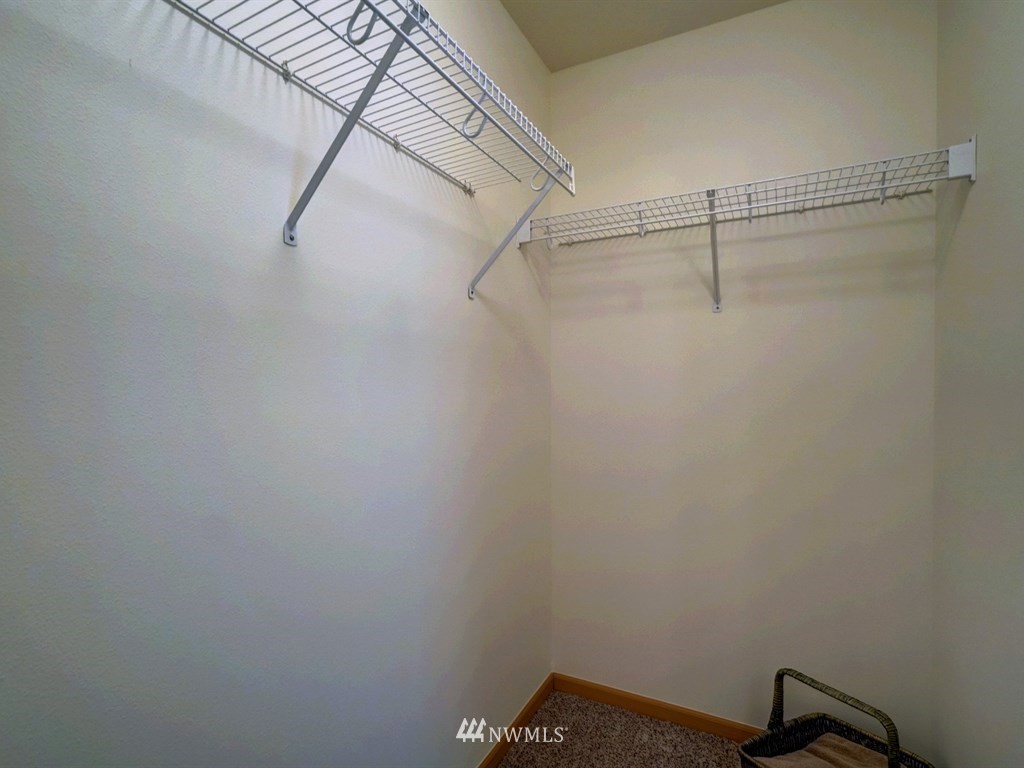 4401 Roxanna Loop Southeast Lacey, WA 98503 - Photo 18 of 20 Gallery Image 18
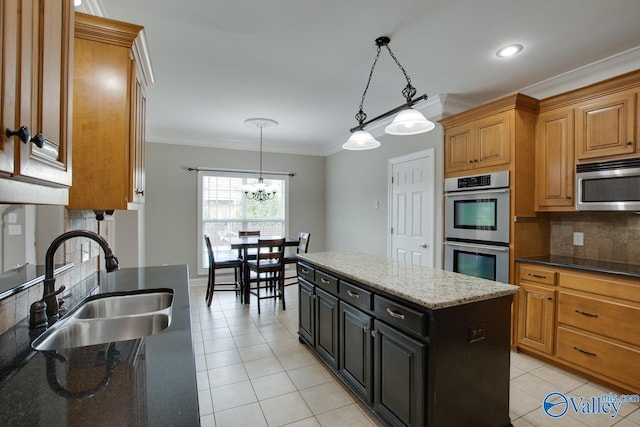 kitchen featuring hanging light fixtures, stainless steel appliances, crown molding, sink, and a chandelier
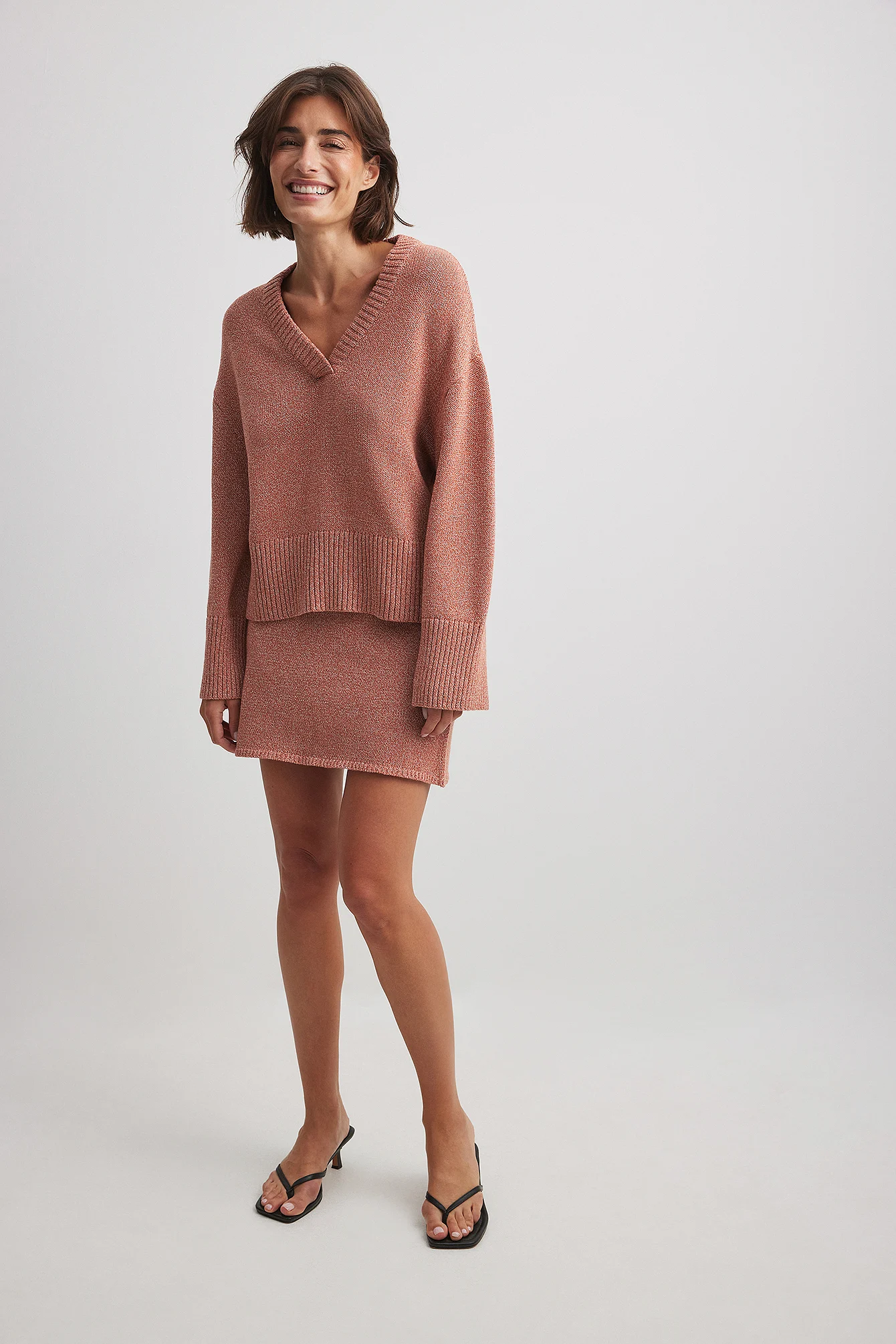 Strickpullover mit V-Ausschnitt und weiten Ärmeln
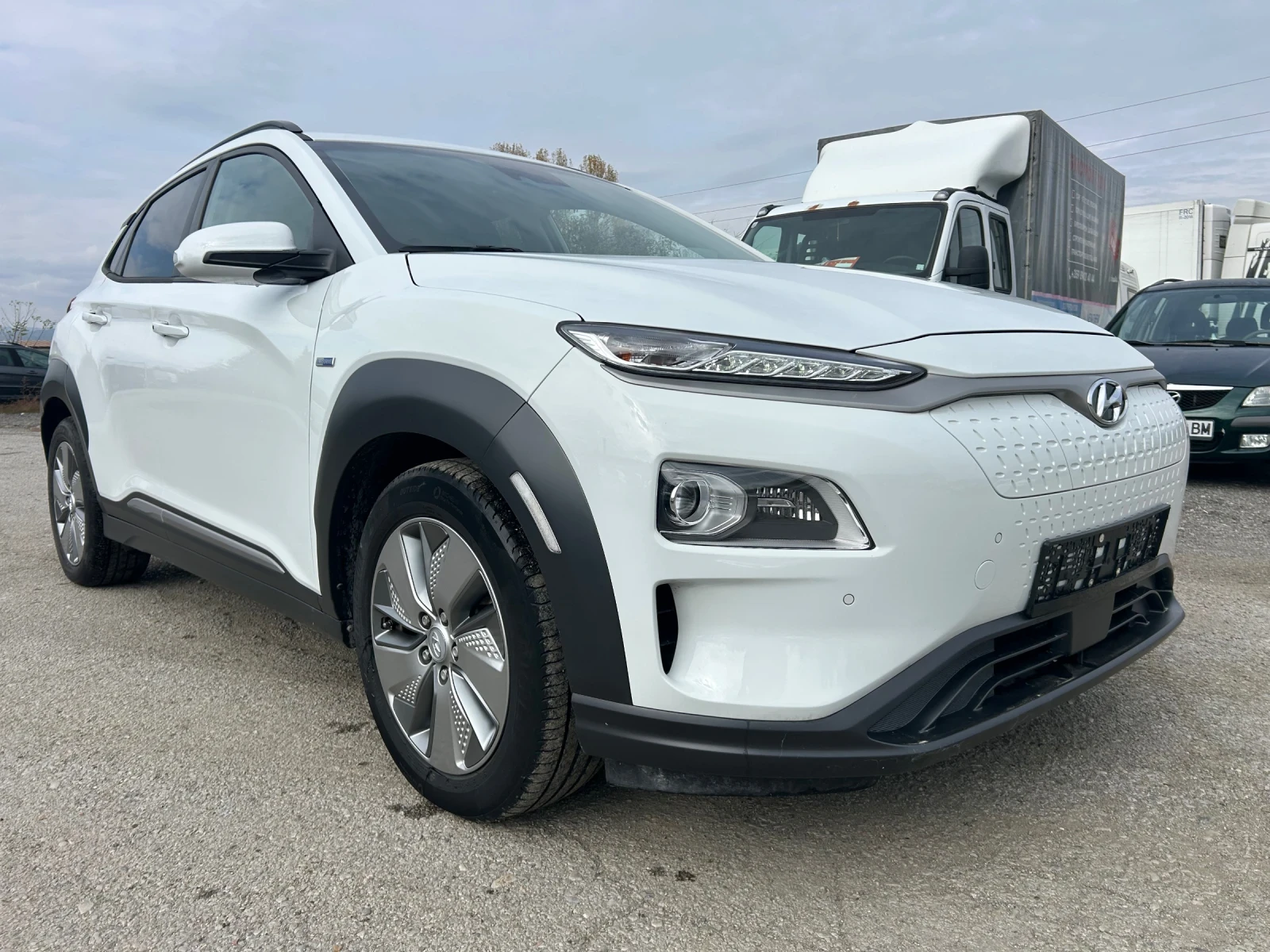 Hyundai Kona Електрик 64KW, снимка 16 - Автомобили и джипове - 56660026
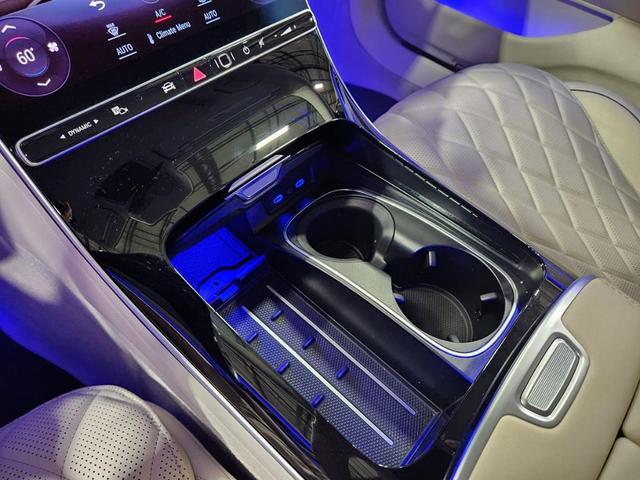 Photo of 2023 White Mercedes-Benz S-Class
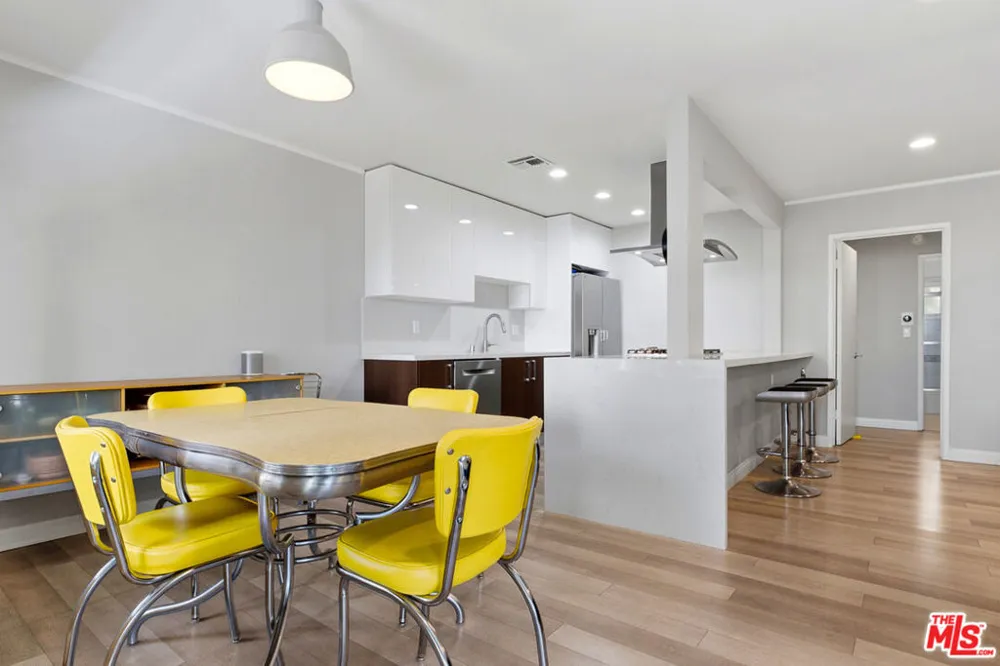 1275 Havenhurst Drive #15 West Hollywood, CA 90046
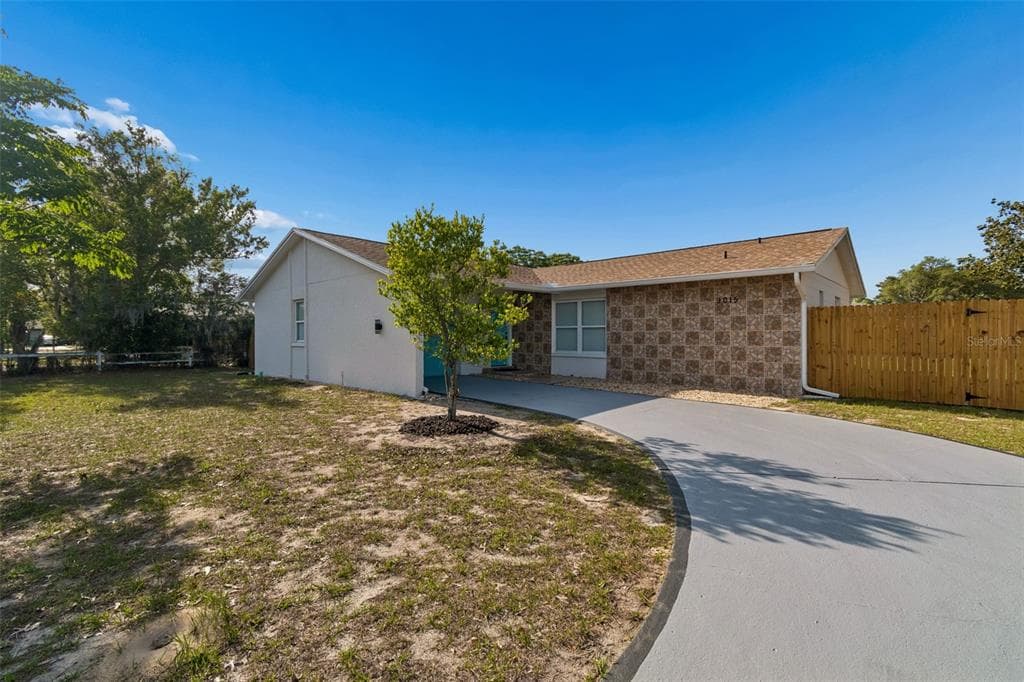 9015 FOREST OAKS BOULEVARD SPRING HILL, FL 34606
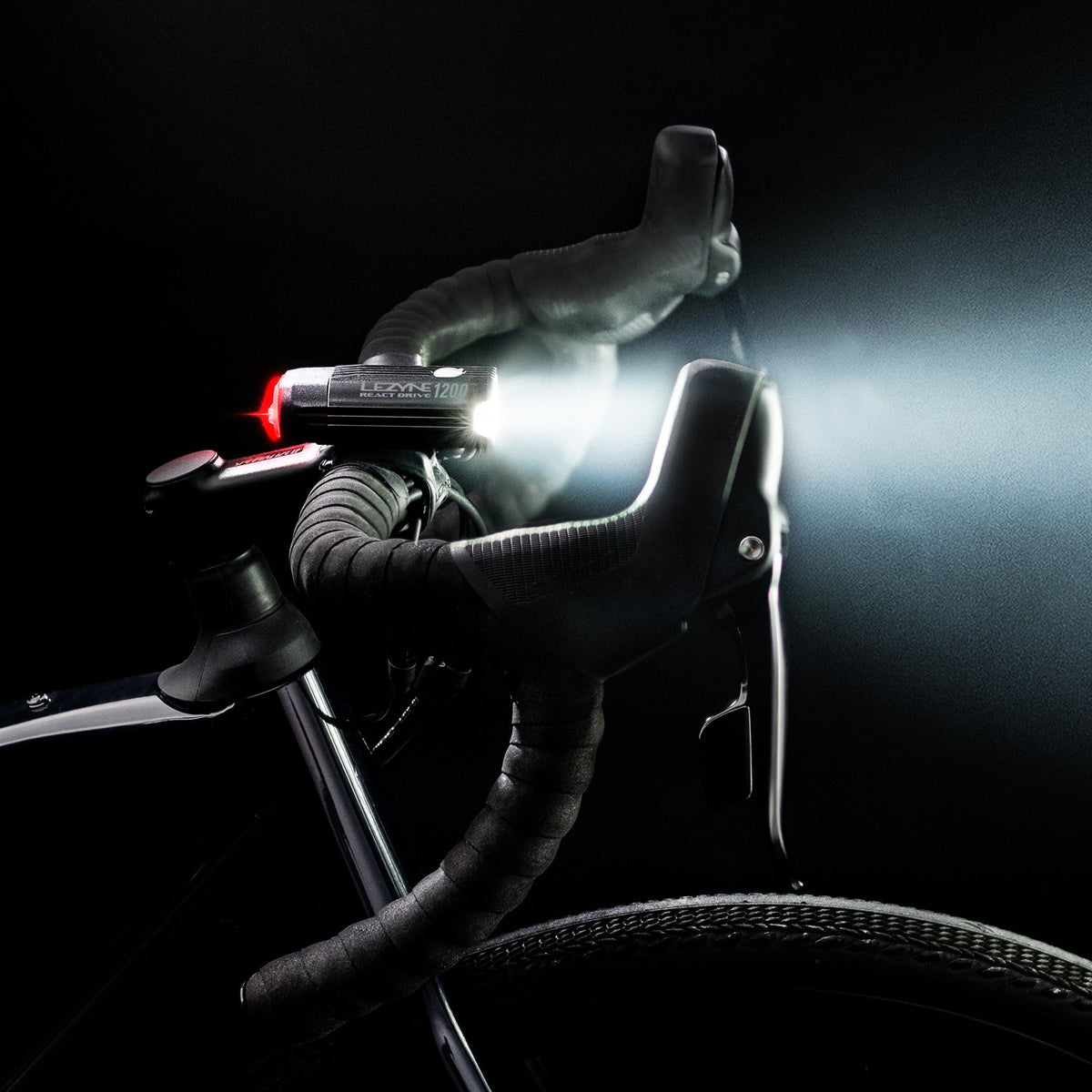 LEZYNE React Drive, pritvirtintas prie vairo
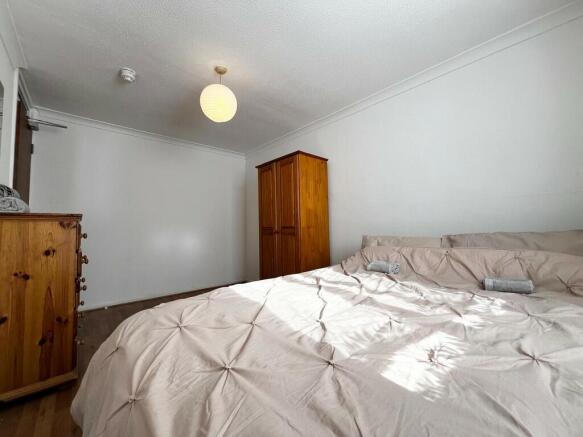Bedroom 5b
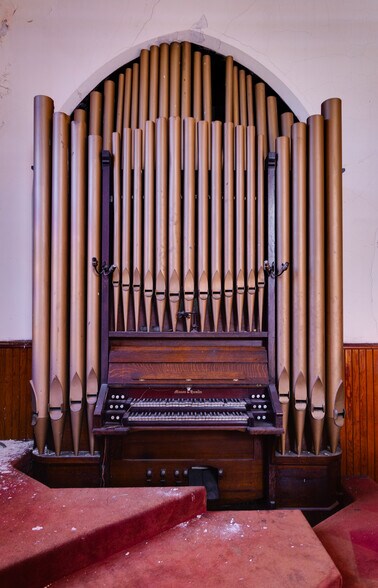 More Photos Of 2600 E Marshall St, Richmond Religious Facility For Sale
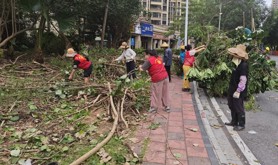 霞山区保利社区工会驿站开展“夏日送清凉 清洁万家行”活动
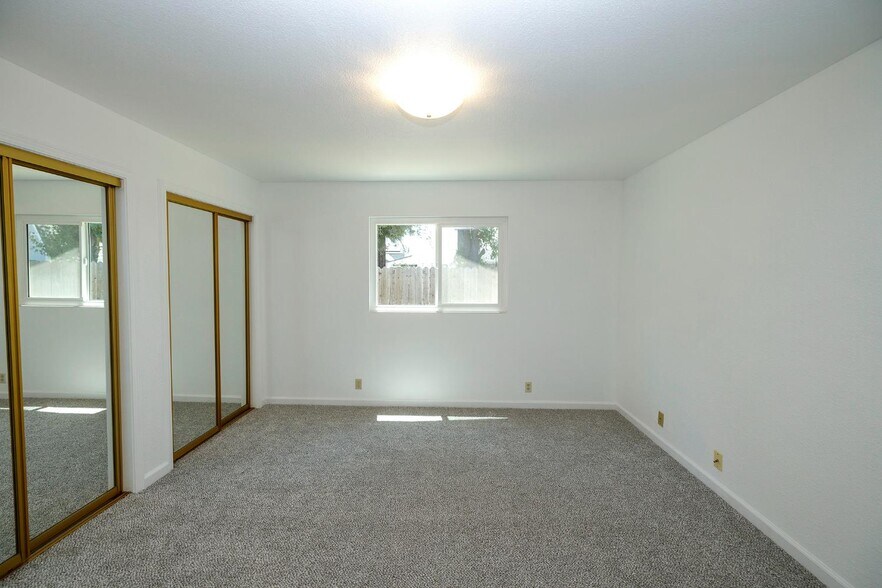 Building Photo - 728 Wawona St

Work required: An exact copy of every entry above is needed, minus the pictures.

Result for this task:
 4401 Roxanna Loop Southeast Lacey, WA 98503 - Photo 18 of 20 Gallery Image 18
 kitchen featuring hanging light fixtures, stainless steel appliances, crown molding, sink, and a chandelier
 Strickpullover mit V-Ausschnitt und weiten Ärmeln
 Hyundai Kona Електрик 64KW, снимка 16 - Автомобили и джипове - 56660026
 Photo of 2023 White Mercedes-Benz S-Class
 1275 Havenhurst Drive #15 West Hollywood, CA 90046
 9015 FOREST OAKS BOULEVARD SPRING HILL, FL 34606
 LEZYNE React Drive, pritvirtintas prie vairo
Bedroom 5b
 More Photos Of 2600 E Marshall St, Richmond Religious Facility For Sale
 霞山区保利社区工会驿站开展“夏日送清凉 清洁万家行”活动
 Building Photo - 728 Wawona St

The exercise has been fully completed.